Private equity connects institutional investors with capital to businesses in need of funding and expertise. Discussions on June 8 in Brussels are an opportunity to position private equity as a critical piece of the European economy before the Commission finalizes its blueprint for Capital Markets Union.
The public hearing entitled “Next steps to build a Capital Markets Union” in Brussels is an important moment in the creation of a single European market for capital. The conference marks the end of the listening phase in this key project and marks the start of the reflection phase, during which Europe’s top policymakers will put together an action plan.
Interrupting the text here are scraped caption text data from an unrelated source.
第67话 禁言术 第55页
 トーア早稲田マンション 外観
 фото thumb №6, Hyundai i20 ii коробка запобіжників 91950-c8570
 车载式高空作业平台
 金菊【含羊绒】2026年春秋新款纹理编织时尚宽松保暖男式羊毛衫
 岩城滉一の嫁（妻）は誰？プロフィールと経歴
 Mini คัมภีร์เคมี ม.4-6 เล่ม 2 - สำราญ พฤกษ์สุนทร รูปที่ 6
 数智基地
In September we should know the specific priorities for this important initiative that will define the remainder of the mandate of this Commission.
Invest Europe has already made a detailed response to the Commission’s consultation document, which put private equity and venture capital at the heart of the Capital Markets Union discussion. The event is another chance for our industry to connect with Commissioners, senior officials and parliamentarians to stress the importance of long-term private investment funds to the European economy.
We will be hammering home the point that private equity and venture capital provides an essential link between investors and small and mid-sized companies. What’s more, the industry provides value through operational expertise and international market access.
Private equity needs to be able to raise long-term capital from institutions like pension funds and insurers without restrictive capital requirements. So we are calling for the Commission to re-open the debate on Solvency II and reduce the risk weighting for private equity. We also want a marketing passport that allows firms to raise capital across borders, without the charges and other hurdles that are appearing in some member states.
We want AIFMD and EuVECA rules that allow private equity and venture capital to invest across Europe without excessive charges or red tape. The tax regime also needs to be fair and supportive for businesses.
We also want the IPO market to function better, with lower costs and less paperwork for small and medium-sized businesses that want to list on exchanges. Institutional investors need incentives to back these companies.
Capital Markets Union is a big idea which aims to give companies more funding options and create a more resilient financial market. It is also major test for policymakers who want to show that Europe’s institutions can be a positive force for individuals and businesses across the Union.
We can already see the Commission is taking a pragmatic approach by focusing on practical measures that could truly make a difference to European businesses. Jonathan Hill, Commissioner for Financial Stability, Financial Services and Capital Markets Union, addressed Invest Europe CFO Forum earlier in June and stressed that policymakers are focused on “better regulation” – as opposed to more regulation.
As Capital Markets Union evolves, we will continue to support it as a means of supporting private equity and venture capital to make critical connections between global investors and European companies.